There were three high points of the tour. The first was when I mentioned that besides Jack Kirby, I was devoted to the work of — naturally — Denny O'Neil, who was then writing both Green Lantern/Green Arrow and World's Finest. Bridwell smiled and opened a door to a small office…and there was Denny O'Neil himself, with an impressive head of bushy 1971 hair. (I was too awestruck to say anything to my hero.) The second was when Bridwell showed me page proofs on the as-yet-unpublished Forever People #5, featuring Sonny Sumo, possessor of the Anti-Life Equation. This felt like being able to read next month's newspaper today, and my mind was suitably blown.

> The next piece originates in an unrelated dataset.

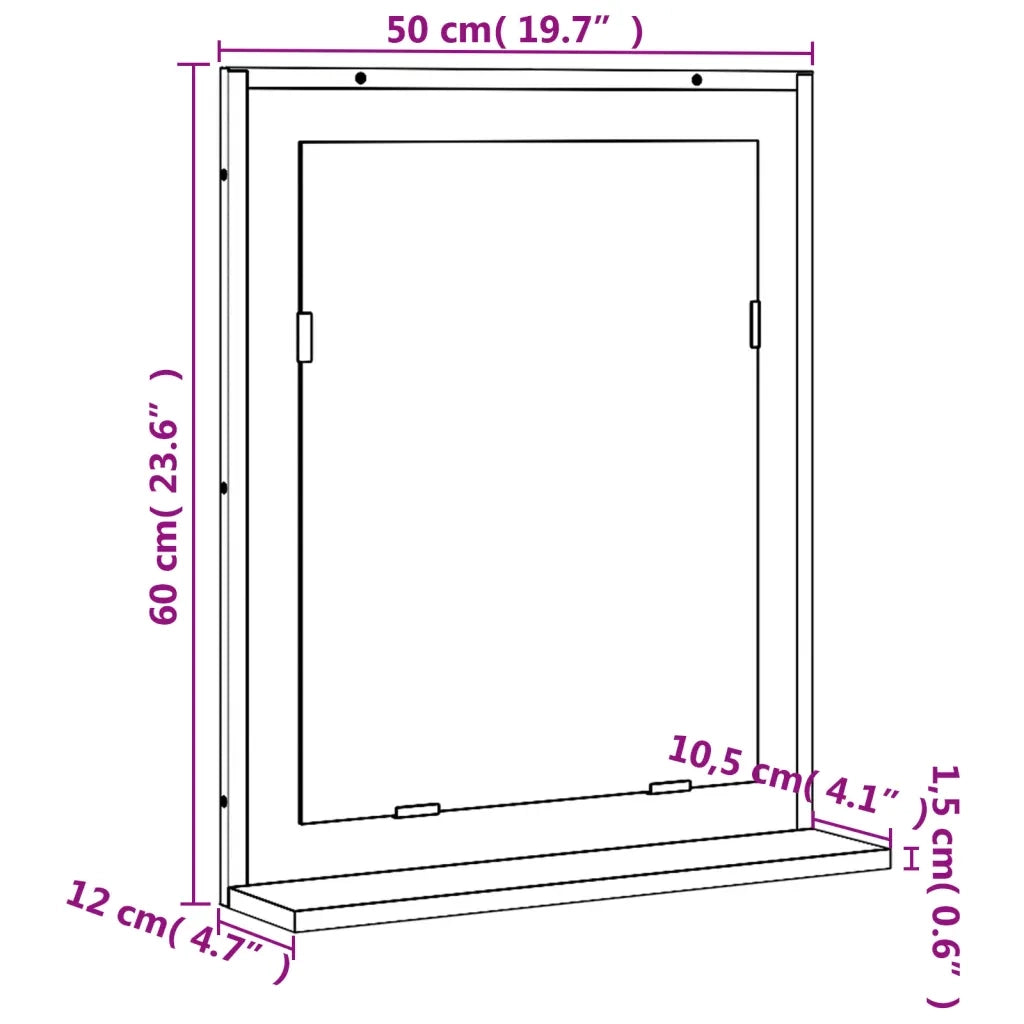 Specchio Bagno con Ripiano Rovere Fumo 50x12x60 cm Multistrato 842418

The third was when, before we left, Bridwell gave me brand-new copies of issue #4 in each of the Kirby titles, the first of the 25¢ "bigger and better" comics.
I don't think I came down from the high of that visit for months. I've never forgotten E. Nelson Bridwell's generosity, considering that there was absolutely nothing in it for him — except making a little boy very happy.

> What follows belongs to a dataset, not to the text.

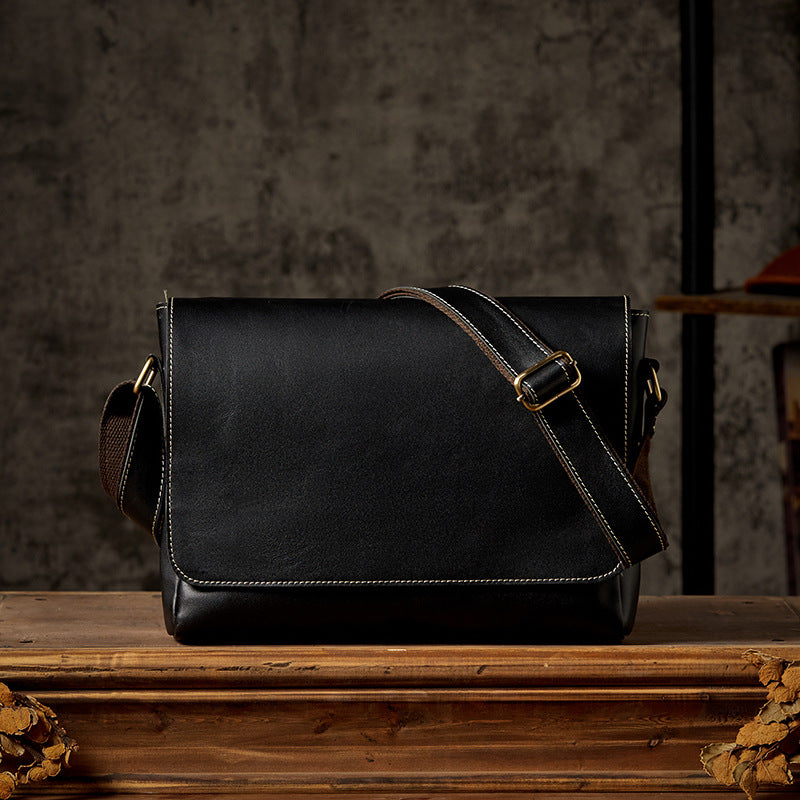 Men's Shoulder Bag Original Handmade Genuine Cowhide Leather Casual Messenger Bag Crossbody Bag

Knowing Nelson as I did, I believe every word of this account including the selfless motive. He was a very gentle, friendly man who — and this is just my opinion — was not properly respected by some at DC in that period. The guy was absolutely brilliant but folks who weren't as bright treated him the way Alan Brady treated Mel Cooley. If I had his brains and I went on Jeopardy! today, I'd kick James Holzhauer to the curb.
I know what you mean about reading "next month's newspaper today." The first time I visited the DC offices was Monday, June 29, 1970. The most recent DC comics I'd bought off the newsstands were books that had left that office for press three months earlier. So to see the current comics they were working on or had proofs of lying about was like being catapulted three months into the future.
And a lot of changes had happened during those three months. The DC symbol in the upper left hand corner of the covers had changed. Longtime Superman editor Mort Weisinger was retiring. He was there doing some bookkeeping-type work on his last issues but he no longer had an office and no longer had any power. Quite a few comics had changed creative staffs or undergone remodeling. It was somewhat jarring.
I was there with my then-partner and one of the many people we met that day was Nelson Bridwell. Everyone was nice to us but some people were nice to us because they were just nice people and some were nice to us because we were Jack Kirby's assistants. Nelson was definitely in the first grouping.